First overall impression is that this is over-tailored for images; dealing with mounted images in the prog package feels awkward, it's supposed to more abstract; lots of code is in the sys/linux, while ability to save images it's not really linux-specific; dealing with the syz_mount_image format on the prog-level looks overly-complex.

If we are to store mounted images as artifacts, I think they deserve to be some explicitly extractable entity. And since syz_mount_image call is (currnetly) linux-specific, I didn't find a better place other than prog + sys/linux.

It was thought more of as a temporary improvement on the existing mechanism to enable the sharing of such images (the code that updates the asset storage to handle crash assets is also ready and just waits until the image-producing code is ready). We can put it aside though and consider the more generic approach.

This again makes me think of something like gzipped-data. The other project also may benefit from it. If we add a type along the lines of gzipped["image"], then won't need to analyze/verify/fixup this segments array and the code for saving these will be OS-independent. The code also won't be image-specific, we just extract and save all of the gzipped blobs in the program. I am also thinking currently minimization of these segment arrays probably takes insane amount of time. While we probably don't need to minimize them at all (the current strategy for minimization won't work anyway). Switching to gzipped would solve it as well.

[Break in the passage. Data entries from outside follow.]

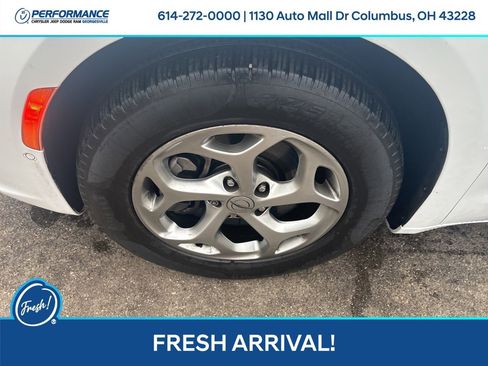 Used 2022 Chrysler Pacifica Limited image 10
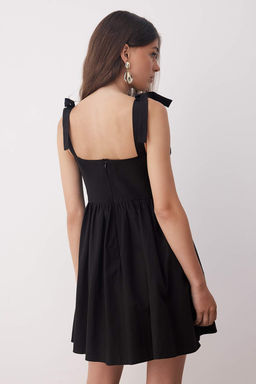 Ac?k Sar? Yaka Detayl? Fiyonklu Poplin Dokuma Elbise TWOSS25EL00891 - Trendyolmilla фото 8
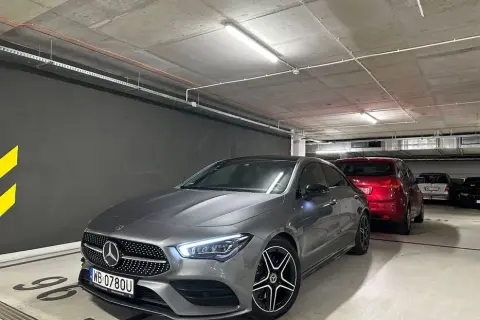 Mercedes-Benz CLA Coupe – wyjątkowe cechy i porównania modeli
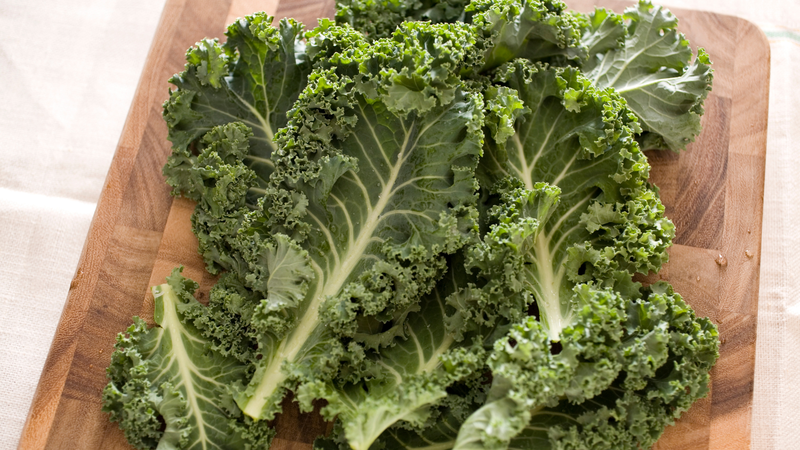 Cải xoăn là loại rau xanh giàu dinh dưỡng, không chỉ tốt cho sức khỏe mà còn góp phần giảm nguy cơ đột quỵ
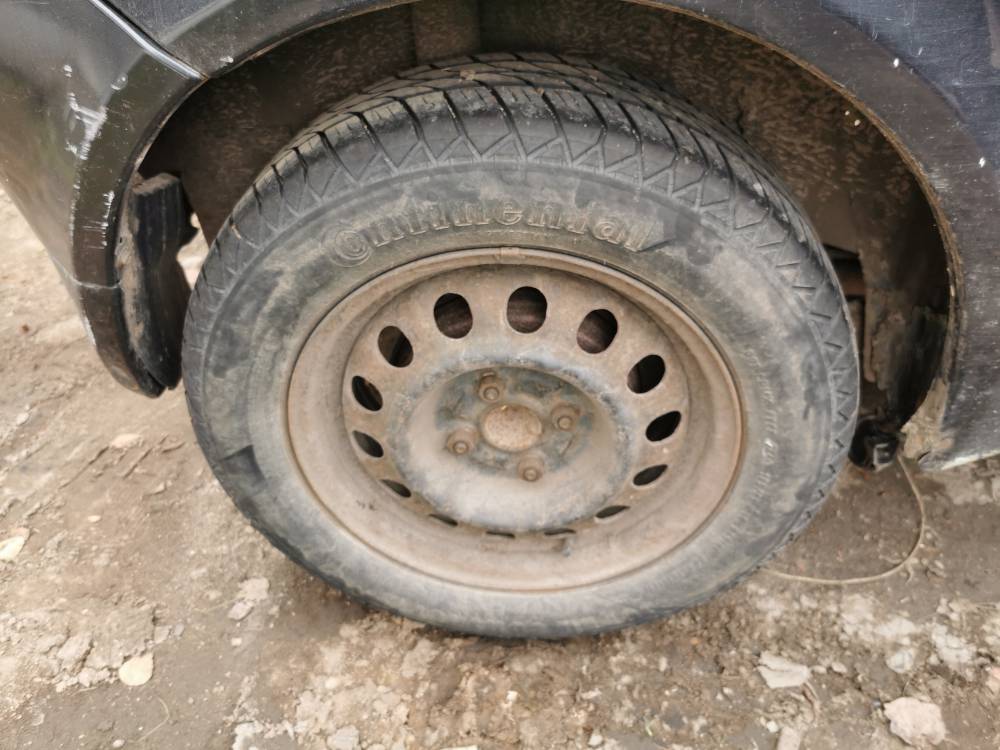 4X100 Toyota Yaris 1999 Tin ring set R14 - Thumbnail 3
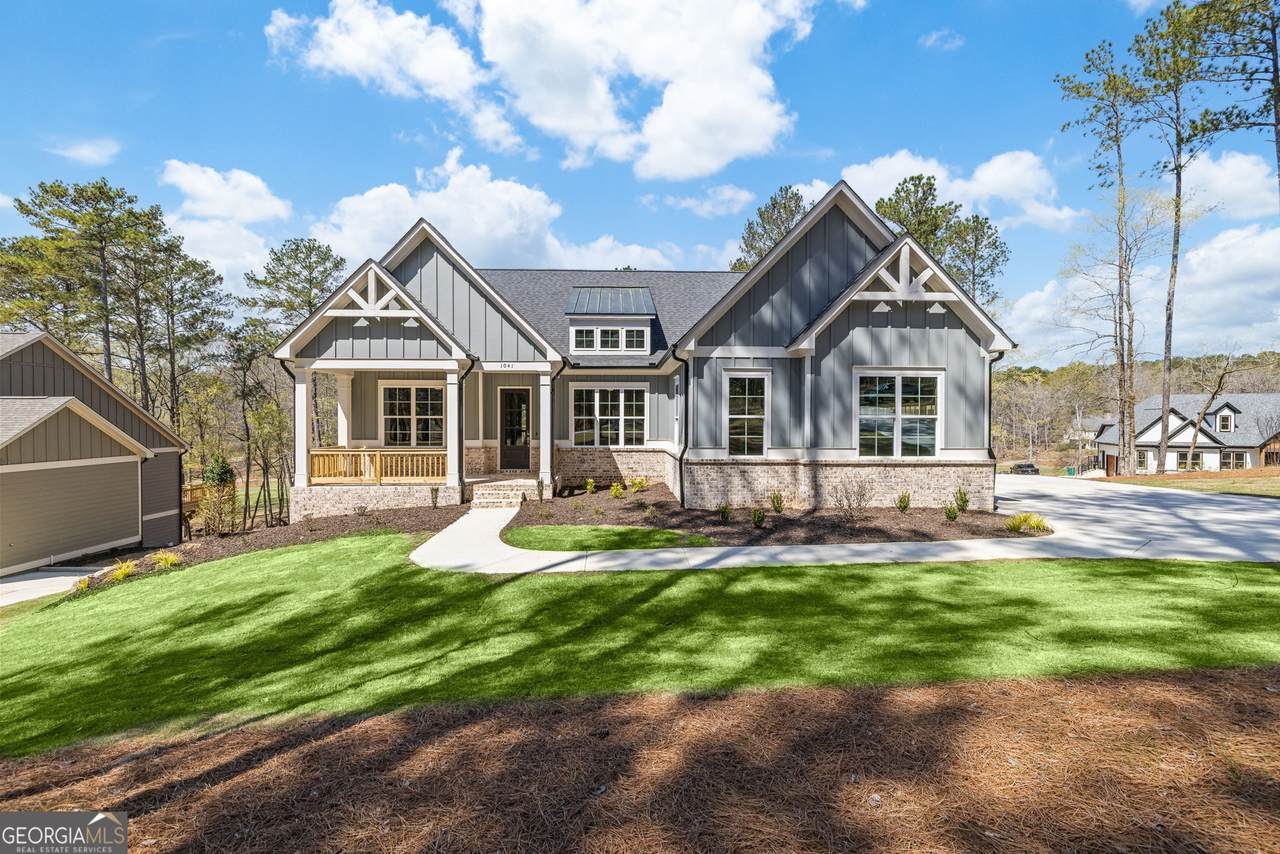 1041 Pinehurst Drive - Photo 1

However, the main issue I see for addition of gzipped is that we will need C decompression code in executor. We will either need to find an algo that is possible implement in reasonable number of LOC in C; or find a C library with permissive license and squash the decompression code; or use (and require for repros) some preinstalled package. Brotli has C impl: https://github.com/google/brotli/tree/master/c/dec But even if we squash it, it will be several KLOC. We could, of course, pass decompressed data to executor, but I don't think it will work well (esp if we will need to pass this data over network).

Would it be an option to just require zlib? IIRC we require -pthread anyway for our threaded reproducers, why not require one more widely used library.

I'd also worry about at least two more problems:

1. How it will affect mutation -- it seems that right now such segments also let the fuzzer specifically focus on the metadata, rather than on useless zero bytes. If we fuzz the huge binary image, it will mutate the useless parts 99% of time. The size of the compressed image will also grow over time.
2. We'd need to be careful about the RAM consumption. If we just plug in the compression/decompression code and let the existing mutation logic remain, it will require lots of extra memory -- it might even happen that we have to mutate data in all procs simultaneously. And all that will be happening on VMs with (potentially) very limited memory.

I think it would be good if all code in prog and manager (and dashboard) is not specific to "mounted images", but rather expressed in terms of generic "binary artifacts" that has type. Currently the only type will be "mounted image". But if we will ever add another type, we will only need to extract artifacts on the new type.

I think it would be good if all code in prog and manager (and dashboard) is not specific to "mounted images", but rather expressed in terms of generic "binary artifacts" that has type. Currently the only type will be "mounted image". But if we will ever add another type, we will only need to extract artifacts on the new type.

Done

PTAL

I ran a separate syz-manager instance from this PR, the extracted images seem to work fine (they cause the same errors as their repros). Also, I successfully mount images extracted from our sys/linux/test/syz_mount_image* files.

@dvyukov Need your approval once again.